**Your goal**
Pictures in the entries below are to be left out; otherwise, reproduce exactly the lines from the first through the line containing "Car Steering Wheel".

(Image-caption web data)
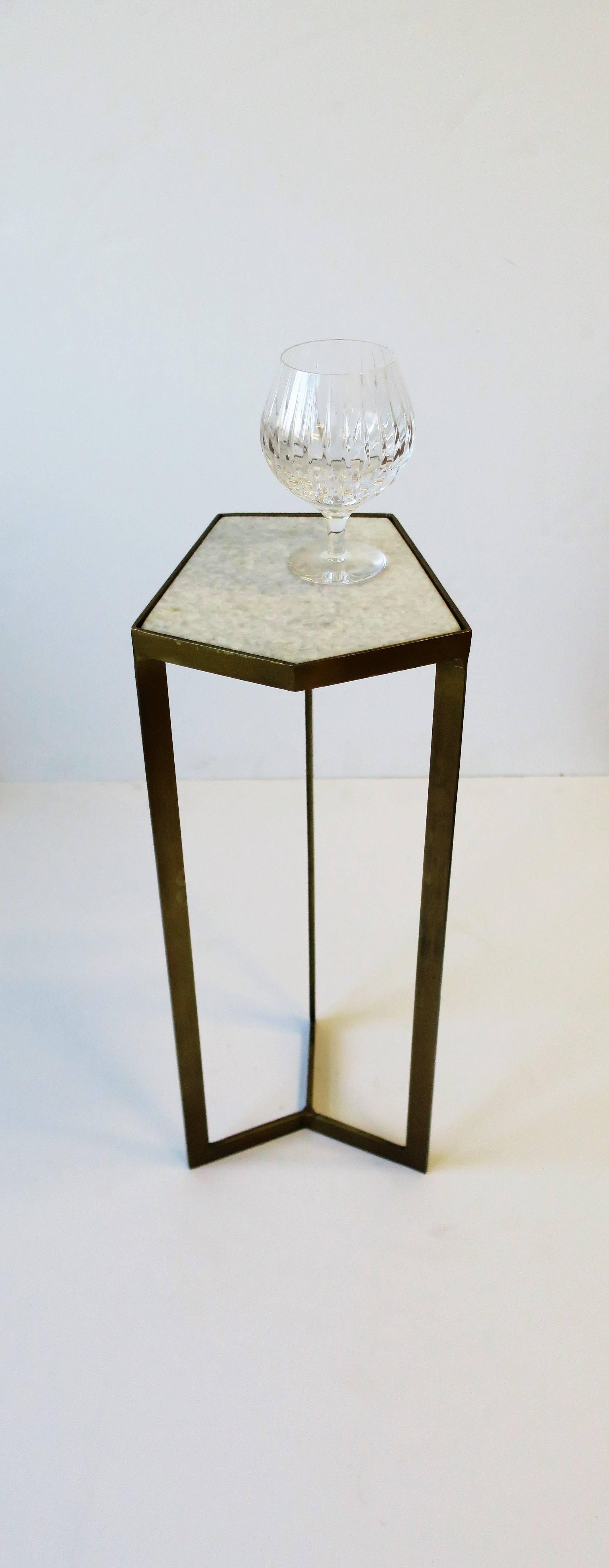 Side or Drinks Table with Matte Gold Base and White Marble Top 6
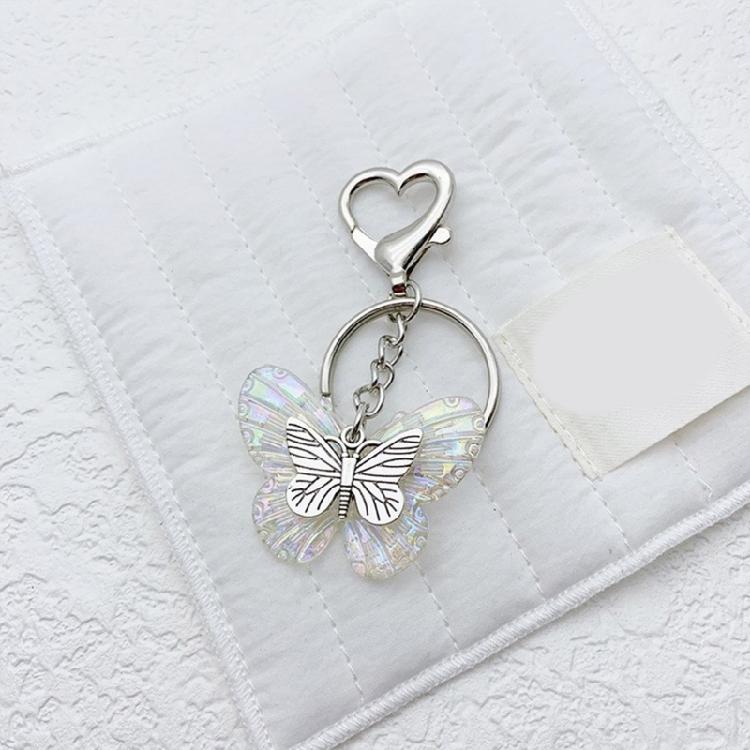 Butterfly Charm Keychain for Women and Girls Transparent Keyring Colorful Key Pendant Acrylic Clear Key Chain Ornament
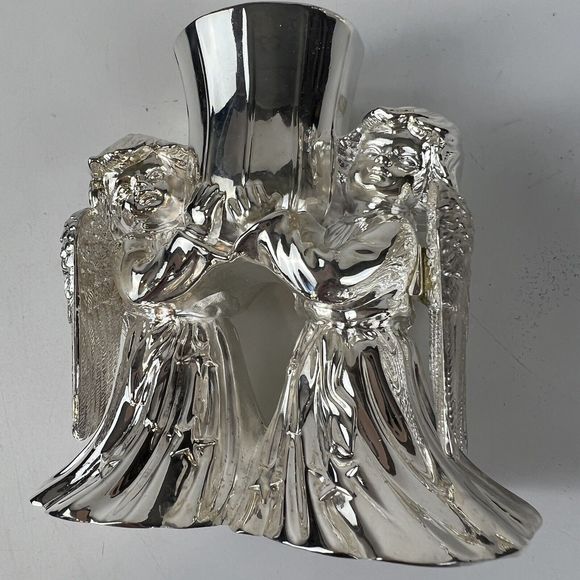 International Silver Co Angel Candle Holders Vtg Set /2 Christmas Centerpiece - Picture 9 of 15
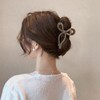 Wine & Cook Half-up matte ribbon hair clip / 반묶음머리 무광 리본 집게핀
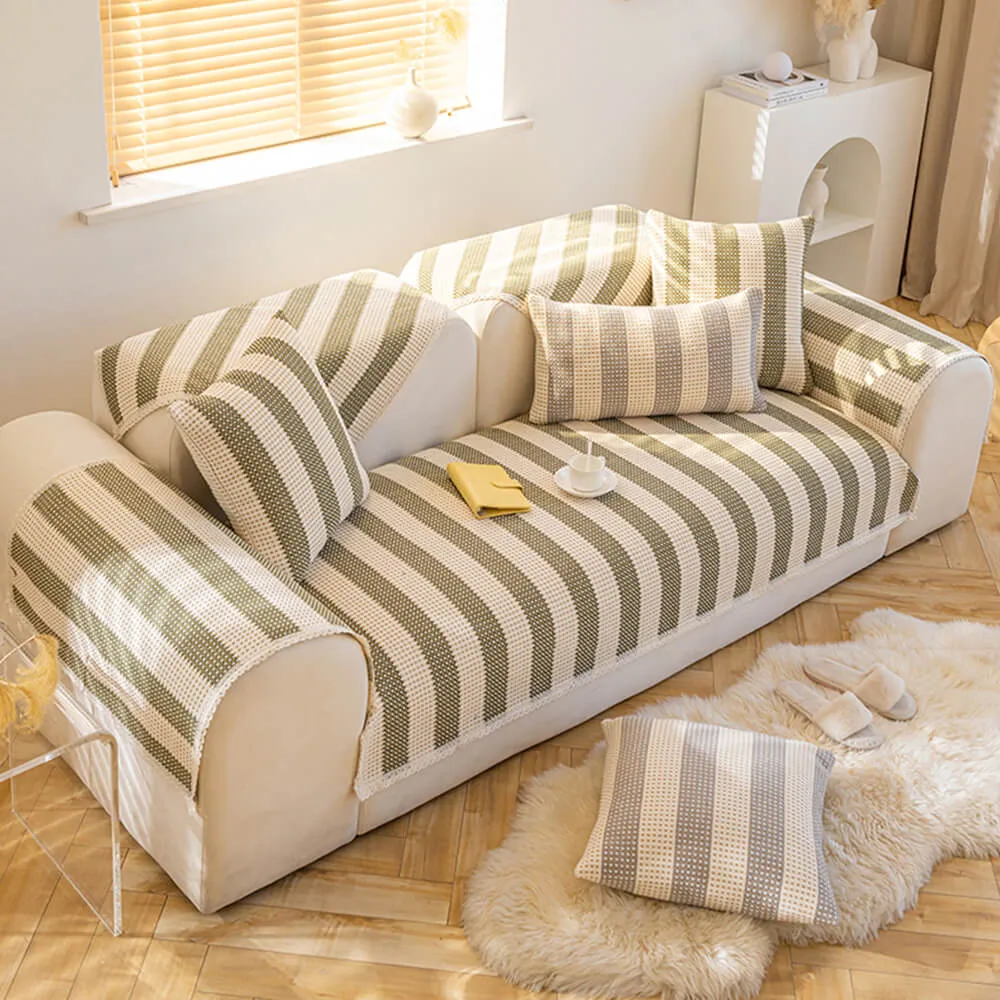 Cotton Linen Stripe Anti-scratch Furniture Protector Couch Cover
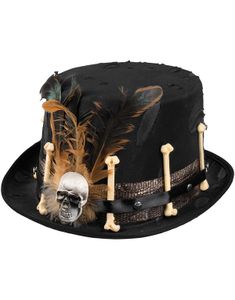Svart Voodoo Flosshatt Pyntet med Skjelett, Bånd og Fjær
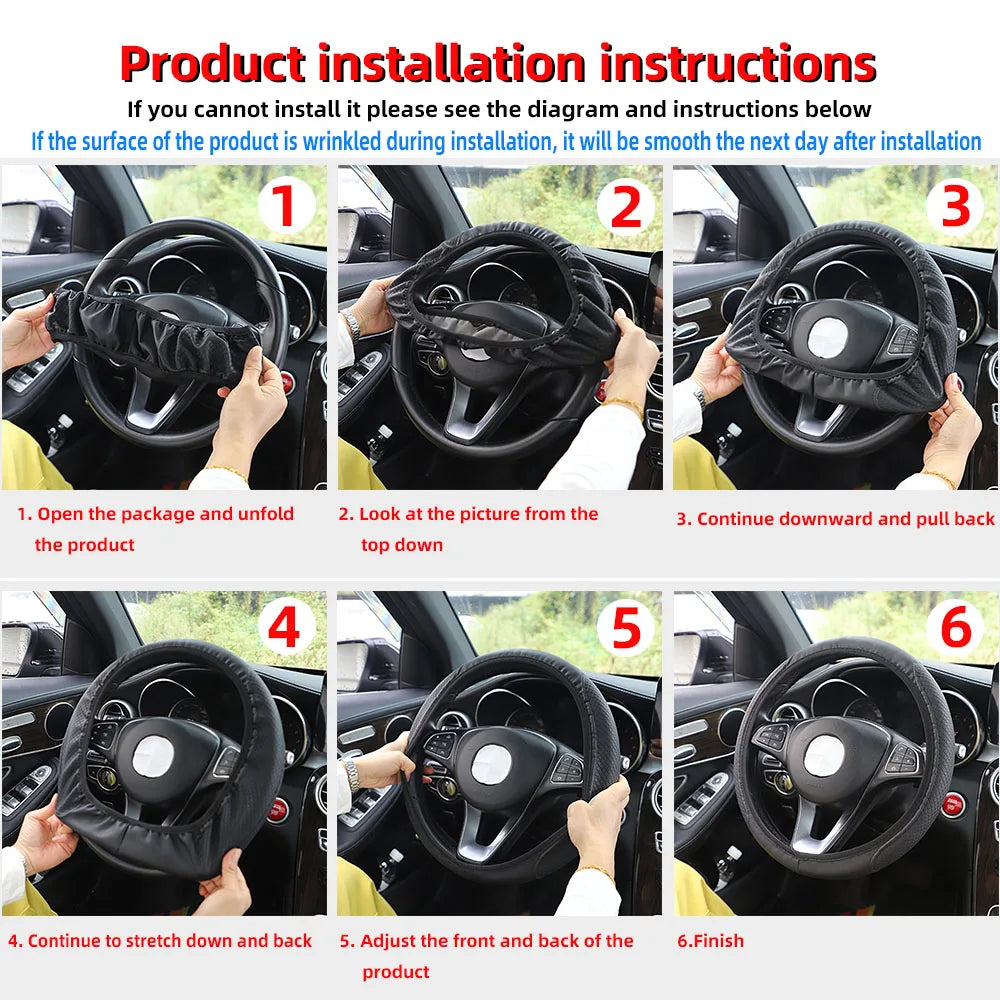 Car Steering Wheel Cover, Universal Fit - VoltVibeX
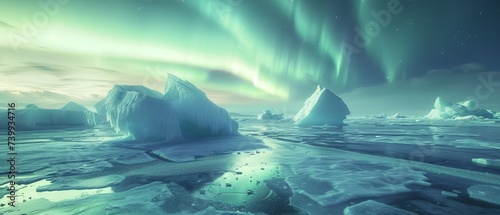 Surreal arctic landscape with icebergs floating in the sky, against a backdrop of the Northern Lights, over a frozen, glittering sea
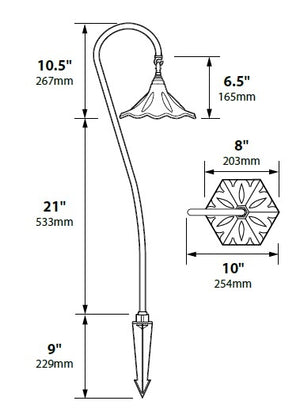 Focus Industries PL12L12CAM 12V 3W Omni LED 8" Cast Aluminum Oriental Hat, Camel Tone Finish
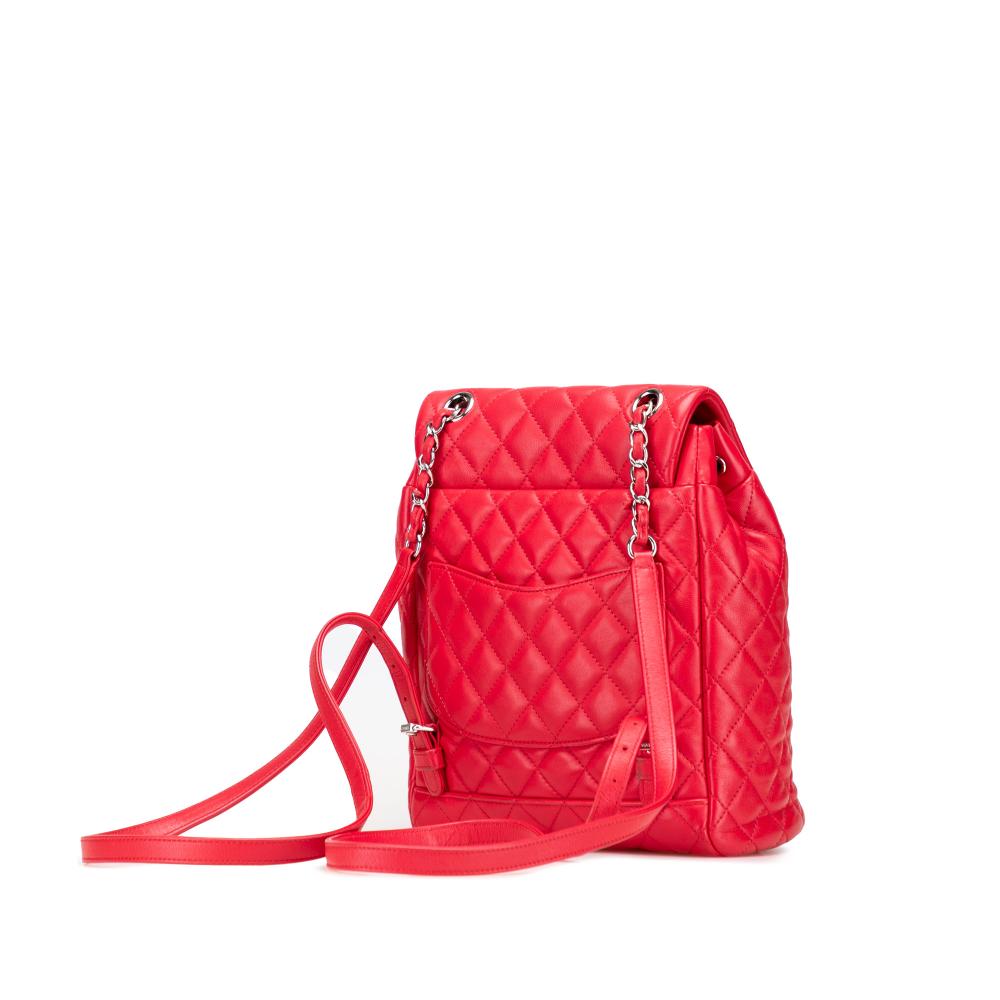 Chanel B Chanel Red Lambskin Leather Leather Small Lambskin Urban Spirit Backpack Italy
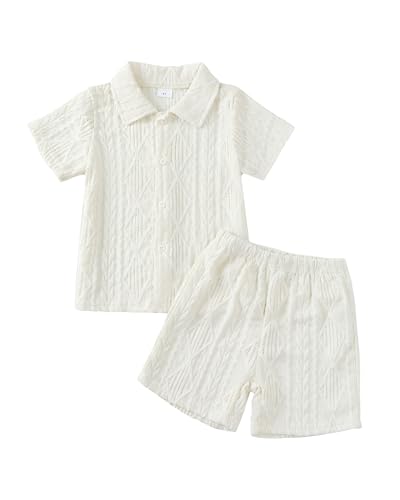 Image of Toddler Boy Clothes Little Kids Summer Outfits Short Sleeve Button Down Shirt Top Shorts Set 2 PCS Boy's Clothing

**Written answer**
 Side or Drinks Table with Matte Gold Base and White Marble Top 6
 Butterfly Charm Keychain for Women and Girls Transparent Keyring Colorful Key Pendant Acrylic Clear Key Chain Ornament
 International Silver Co Angel Candle Holders Vtg Set /2 Christmas Centerpiece - Picture 9 of 15
 Wine & Cook Half-up matte ribbon hair clip / 반묶음머리 무광 리본 집게핀
 Cotton Linen Stripe Anti-scratch Furniture Protector Couch Cover
Svart Voodoo Flosshatt Pyntet med Skjelett, Bånd og Fjær
 Car Steering Wheel Cover, Universal Fit - VoltVibeX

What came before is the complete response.